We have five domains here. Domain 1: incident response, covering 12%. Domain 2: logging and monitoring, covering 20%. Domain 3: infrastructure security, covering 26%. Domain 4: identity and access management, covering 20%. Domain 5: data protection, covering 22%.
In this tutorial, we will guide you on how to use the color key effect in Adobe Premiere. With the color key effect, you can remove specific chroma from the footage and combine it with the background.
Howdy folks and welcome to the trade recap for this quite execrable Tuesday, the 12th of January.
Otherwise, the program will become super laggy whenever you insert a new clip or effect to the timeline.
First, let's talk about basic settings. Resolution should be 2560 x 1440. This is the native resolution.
* * *
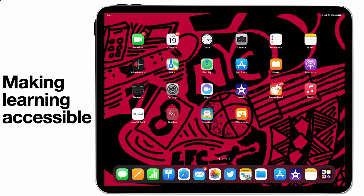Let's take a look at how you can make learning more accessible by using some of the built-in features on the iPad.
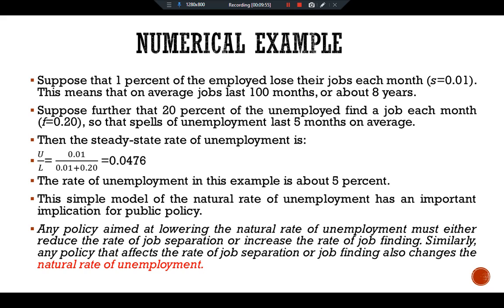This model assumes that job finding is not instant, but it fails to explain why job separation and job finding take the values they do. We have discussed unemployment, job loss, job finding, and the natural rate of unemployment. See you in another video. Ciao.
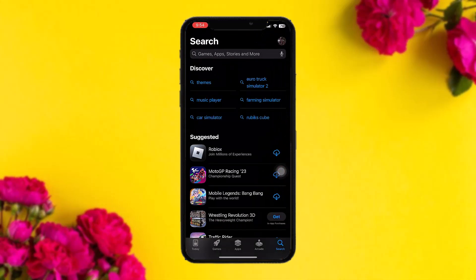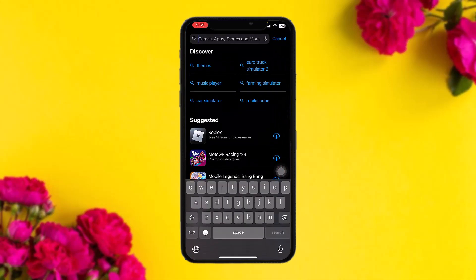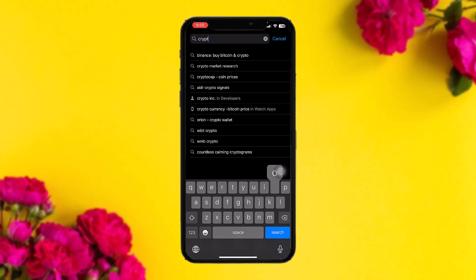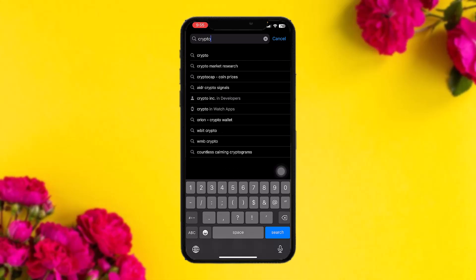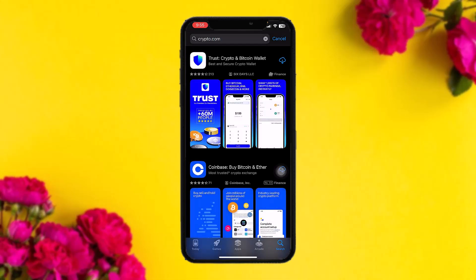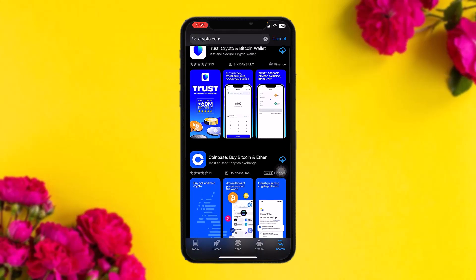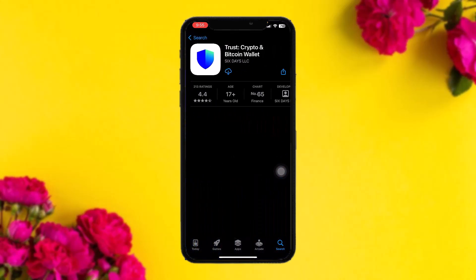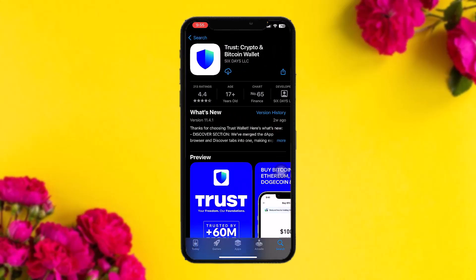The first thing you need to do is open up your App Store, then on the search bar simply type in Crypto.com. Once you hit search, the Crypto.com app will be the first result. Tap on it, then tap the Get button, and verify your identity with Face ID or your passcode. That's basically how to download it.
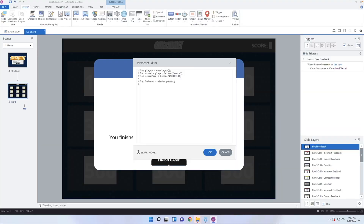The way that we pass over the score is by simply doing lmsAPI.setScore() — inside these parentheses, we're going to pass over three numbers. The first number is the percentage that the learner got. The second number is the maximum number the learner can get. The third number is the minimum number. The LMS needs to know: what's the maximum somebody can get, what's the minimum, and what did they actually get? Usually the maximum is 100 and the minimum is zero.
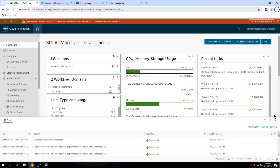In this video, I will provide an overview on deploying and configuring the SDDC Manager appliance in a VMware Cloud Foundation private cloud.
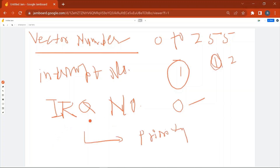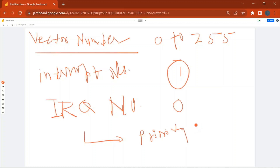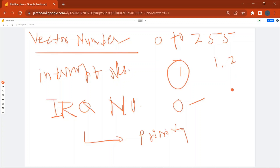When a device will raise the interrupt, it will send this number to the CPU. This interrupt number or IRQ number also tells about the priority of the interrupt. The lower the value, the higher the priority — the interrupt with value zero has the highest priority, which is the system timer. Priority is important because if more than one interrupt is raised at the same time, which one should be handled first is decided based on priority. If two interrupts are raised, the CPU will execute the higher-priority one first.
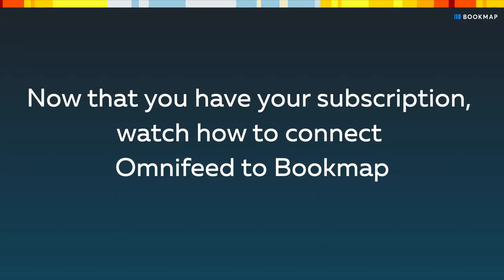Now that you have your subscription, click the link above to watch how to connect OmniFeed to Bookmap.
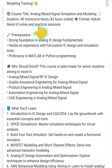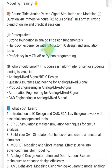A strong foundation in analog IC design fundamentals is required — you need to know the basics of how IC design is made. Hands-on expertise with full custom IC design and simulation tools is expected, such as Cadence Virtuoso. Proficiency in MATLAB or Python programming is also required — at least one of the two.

_Your goal_:
Look above for the line with "We have five" and the line with "First, let's talk". Write out those two lines and all the lines between them, exactly, and no others.

_Task output_:
We have five domains here. Domain 1: incident response, covering 12%. Domain 2: logging and monitoring, covering 20%. Domain 3: infrastructure security, covering 26%. Domain 4: identity and access management, covering 20%. Domain 5: data protection, covering 22%.
In this tutorial, we will guide you on how to use the color key effect in Adobe Premiere. With the color key effect, you can remove specific chroma from the footage and combine it with the background.
Howdy folks and welcome to the trade recap for this quite execrable Tuesday, the 12th of January.
Otherwise, the program will become super laggy whenever you insert a new clip or effect to the timeline.
First, let's talk about basic settings. Resolution should be 2560 x 1440. This is the native resolution.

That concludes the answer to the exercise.